Maple Leaf Miner: Appearance, Territory, Damage and Life Cycle
Latin Name: Phyllonorycter Aceriella
Appearance: The face is silvery white, with orange and silvery scales on the tuft (general appearance is whitish). The thorax is a bright reddish orange color. The forewings are reddish orange, with two noticeable straight or nearly straight fasciae on the posterior edge that are white with black borders. The two fasciae are oblique, with one towards the center of the wing and the other halfway between it and the wing’s base. Above the cilia, a whitish dorsal stripe with a black border on the posterior margin curls towards the apex.

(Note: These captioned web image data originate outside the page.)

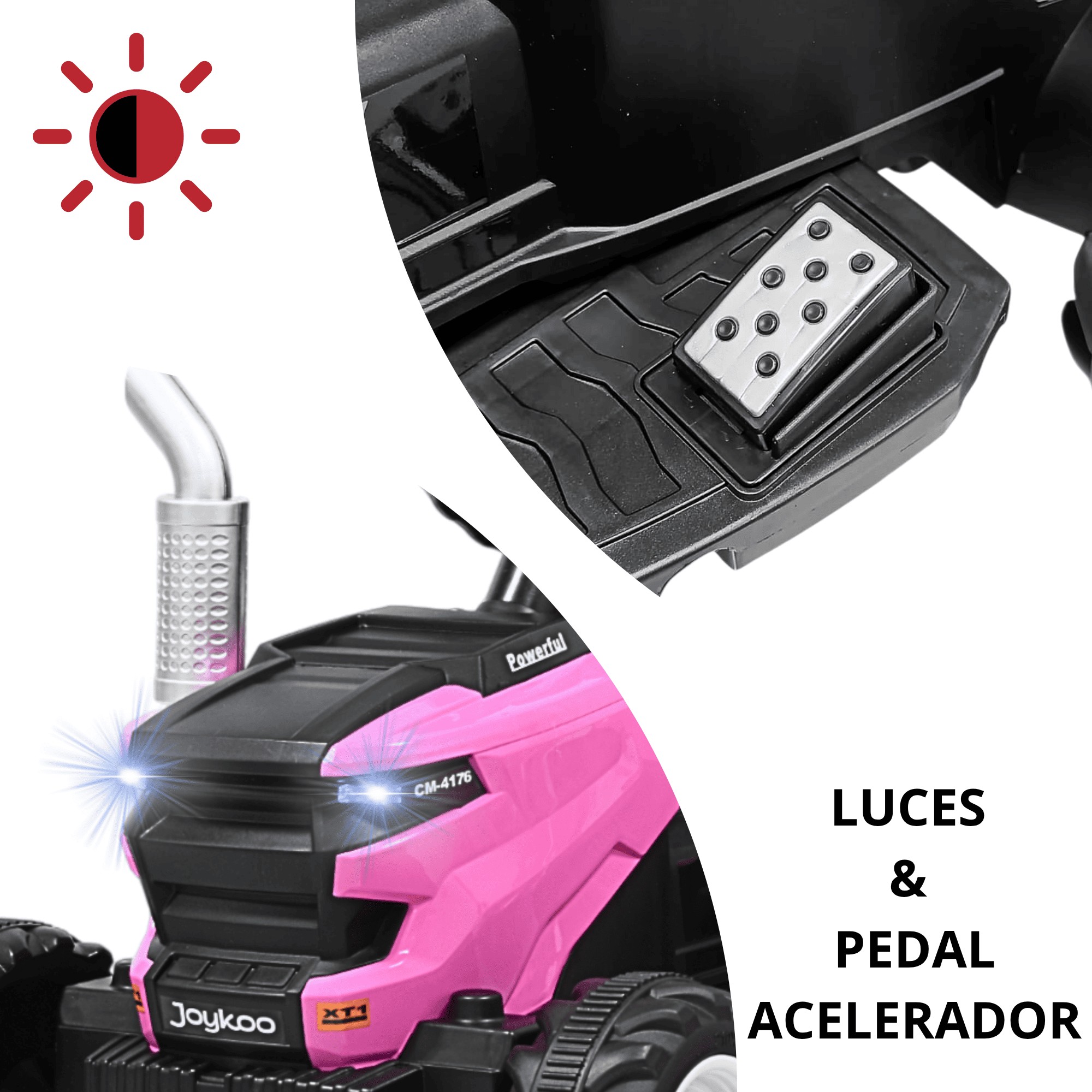 Montable Electrico para Ni&ntilde;os Tractor de Granja con Bater&iacute;a 12v Control Remoto Luz y Sonido Bluetooth - Rosa image number null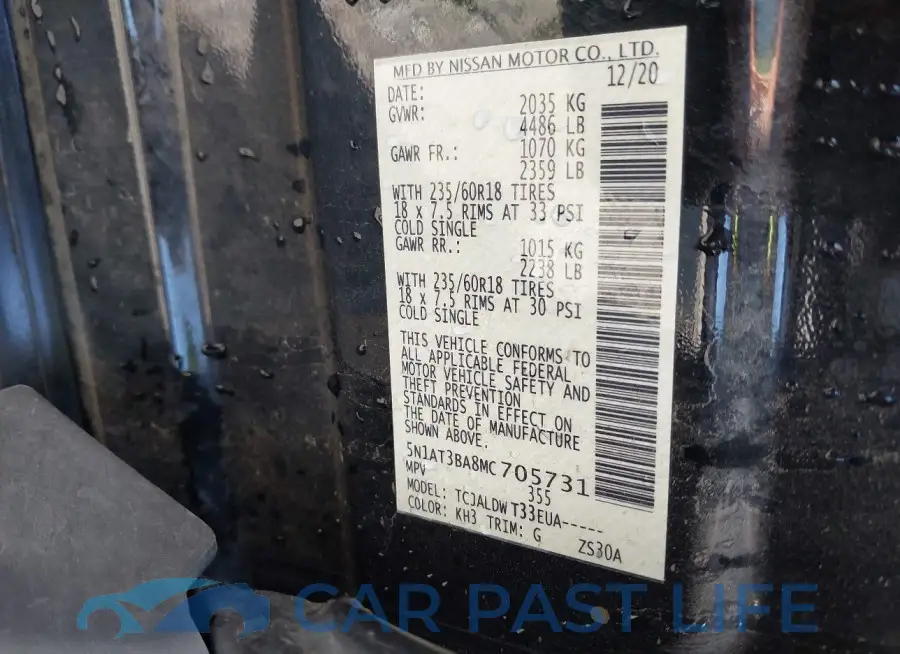 5N1AT3BA8MC705731# 9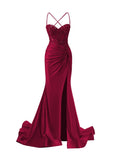 Mermaid Spaghetti Strap Prom Dresses for Women Satin Lace Applique Ruched Party Gown with Slit Formal Evening Dresses HZ0311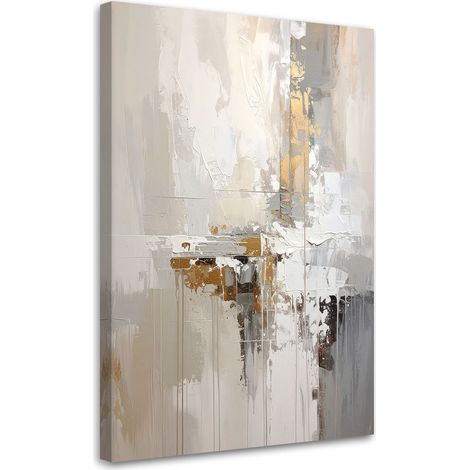 Impression sur Toile, Abstraction beige et grise,20x30 (1/4)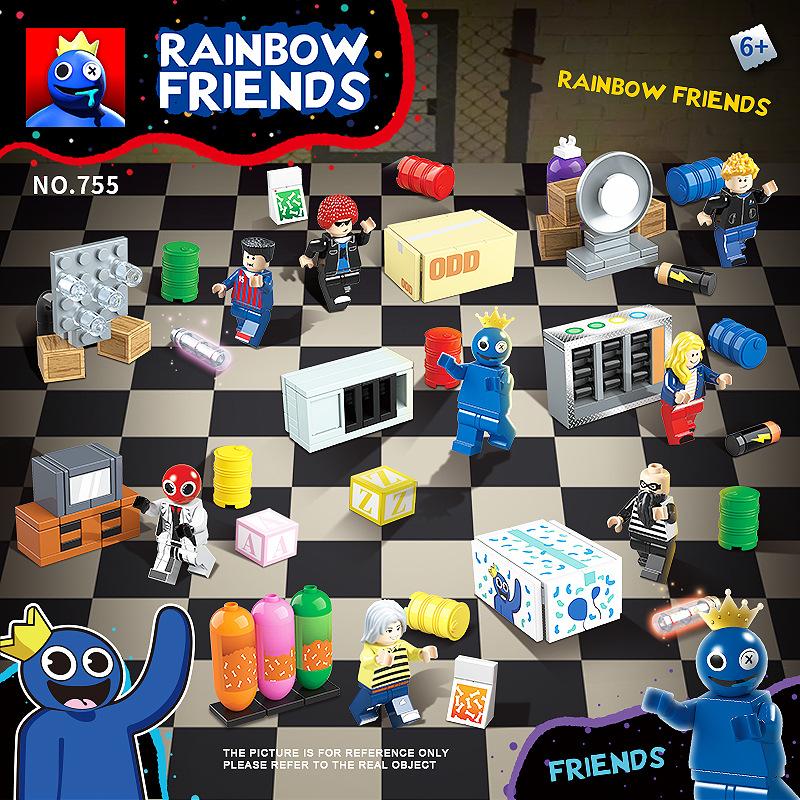 Rainbow friends a full kit of dolls monsters boys construction bricks assembling toy ornaments and hand-made birthday gifts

The hindwings are plumbeous, with fulvous-colored cilia.
Hosts Plants: Maple Trees
Territory: Eastern Canada
Damage Insect Cause: Damage to leaf surfaces is adequate proof of the existence of the maple leafminer. The larvae burrow into the parenchyma, right beneath the leaf’s top surface. The damage becomes more visible at the end of summer when caterpillars wrap silk over a portion of their mines in order to pupate the next spring. A portion of the population overwinters as larvae inside fallen leaves before pupating the following spring. The other half spends the winter as pupae.
Life History and Habits: The larvae create long, flat, and somewhat broad upper-surface mines with one or more small lobes that branch off the main channel. Larvae deposit frass pellets along the mine’s edges. The summer brood pupates in a silk-lined chamber. Larvae brood in the fall and overwinter within a circular nidus, where they pupate the following spring.